The biggest change in our relationship was that he was sober and he explained to me that he understood why he needed to stay sober in order to survive. I wanted to support him in this and I wanted to help my father achieve the quality of life he deserved.
In the beginning, being there for my dad, mentally and emotionally, was more than enough. From the hours I spent listening to him to the times I spent hugging my dad’s frail body and letting him cry into my shoulder, consoling him and letting him know everything was going to be all right, gave him the strength he needed to carry on.
For the first time in my life, I felt like I had taken on the parenting role. I don’t know when exactly this role reversal took place, but my father was now the child, and our relationship became stronger. Eventually, my father did get better and spent two years undergoing rehabilitation and making changes to his lifestyle.

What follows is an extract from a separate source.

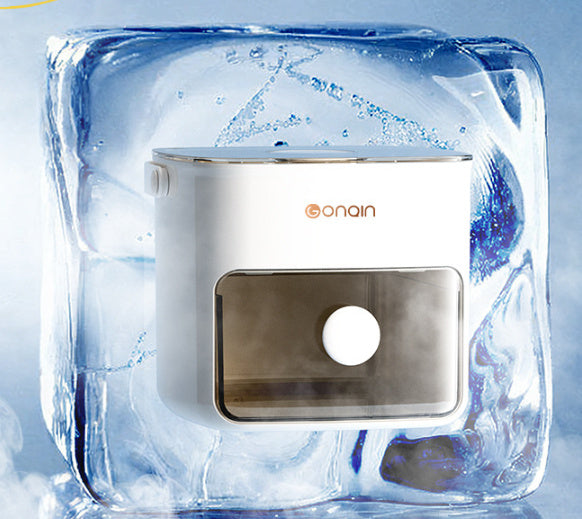 Ice Tray Portable Ice Maker Ice Maker Ice Cube Mold - Globentra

For people dealing with an estranged relationship, you’ll find yourself asking whether you can or should do this. The fact is, there is no one-size-fits-all answer in these situations. Only you will know what is good for you and your boundaries.
While I wish that it didn’t take a near-death experience to bring us together, I’m grateful that I had the opportunity to be there for my father when he needed me most. We have found closure on many of the issues we had. I don’t have any regrets about my decision, as difficult and overwhelming as it was. As long as I can care for him, I will. I’m going to be a better person when this is all done.